Phillip oldukça sakin bir şekilde Cheron şehrini tanıtmaya başladı. Cain bir kulağıyla onu dinlerken neden direkt olarak şehre ışınlanmadıklarını anlamıştı.
Işınlanma portalları stratejik öneme sahip varlıklardı. Eğer şehir merkezine halka açık bir portal yapılırsa düşman portalı ele geçirmeyi başardığında Cheron’un düşüşü kaçınılmaz olurdu. Bu yüzden Dark Moon A sadece ve sadece acil durumlarda kullanılıyordu.
Cain Kara Kılıç Şehri’ndeki ışınlanma portalının neden Cheron’un üç saat uzağındaki bir istasyona bağlandığı merak ediyordu fakat şimdi mantıklı geliyordu.
At arabası şehir sokaklarından ilerledi ve dört kulenin çevrelediği büyük bir araziye geldi. Malikanenin kapladığı alan tek başına bir bölgeyle eş değerdi. Malikanenin arkasındaki Dark Moon A ışınlanma portalının aslında malikane sınırları içerisindeydi.
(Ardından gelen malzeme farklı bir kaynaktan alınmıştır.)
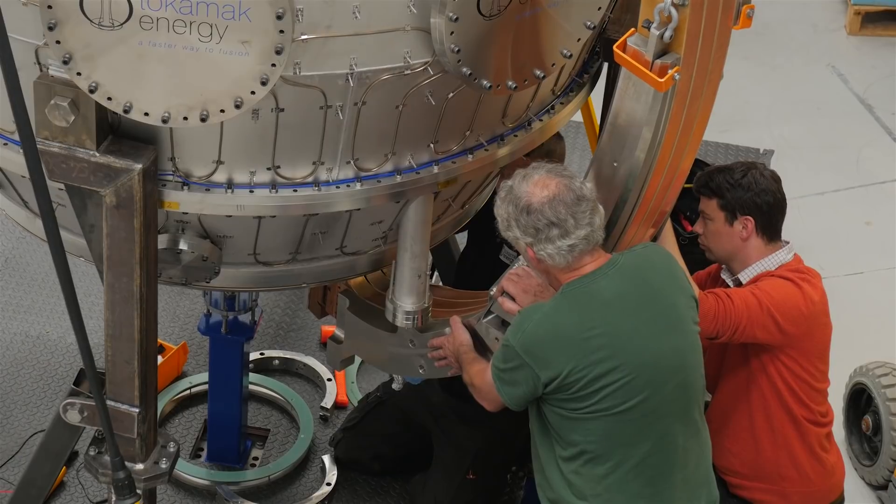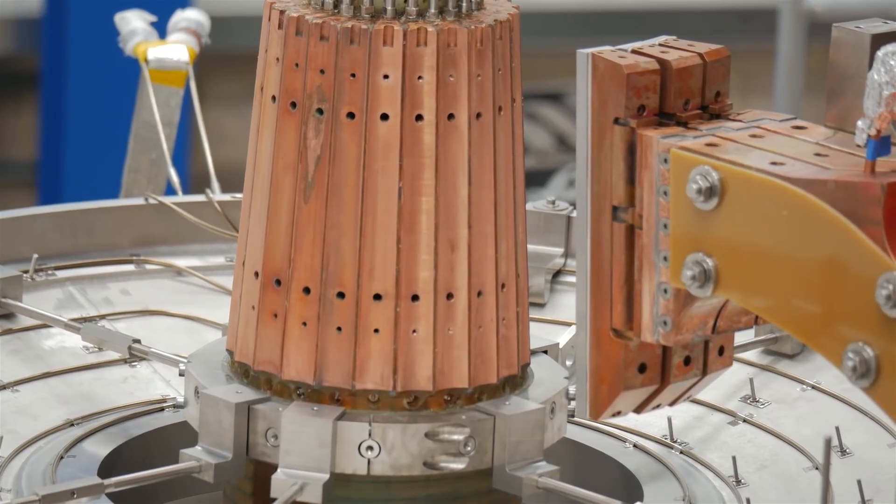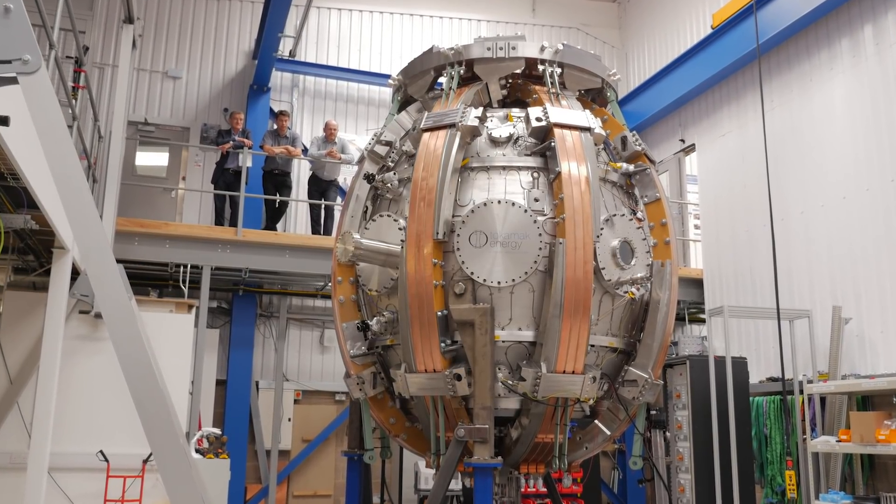Now it's all coming together — assembling the device for that high-temperature plasma experiment series of tests and experiments that we'll be doing.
Malikane kapıları açıldı ve at arabası taş yolda ilerledi. Basit bir yol olsa bile öyle güzel tasarlanmıştı ki kişi cennetin yolunda ilerlediğini sanırdı.
Araba durdu ve kapı açıldı.
“Genç efendi buyurun.” Constantine üniformasını giymişti. Siyah ve beyazın ahenkli uyumundan oluşan bir takım elbiseydi. Bu onun bir askerden çok bir soyluya benzemesine neden oluyordu. Göğsündeki kılıç şekilli arma olmasa onu bir soylu olduğunu iddia edebilirdi.
Cain araçtan indi ve devasa malikanenin kapılarından adım attı.
“Sizi ana salonda bekliyorlar.”
Cain kafasını salladı ve derin bir nefes aldı. Constantine’in ağır adımları koridorda yankılanırken üç metre uzunluğundaki kapılara dokunduğu kalbi boğazında atıyordu.
“İçeri giriyoruz. Bundan sonra yaptıklarınız sizin akıbetinizi belirleyecek Genç Efendi. Lütfen ağırbaşlı davranın.” dedi Constantine kısık bir sesle, “Lütfen beni bu işin dışında tutun. Efendinin öfkesi ile karşılaşmak istemem.”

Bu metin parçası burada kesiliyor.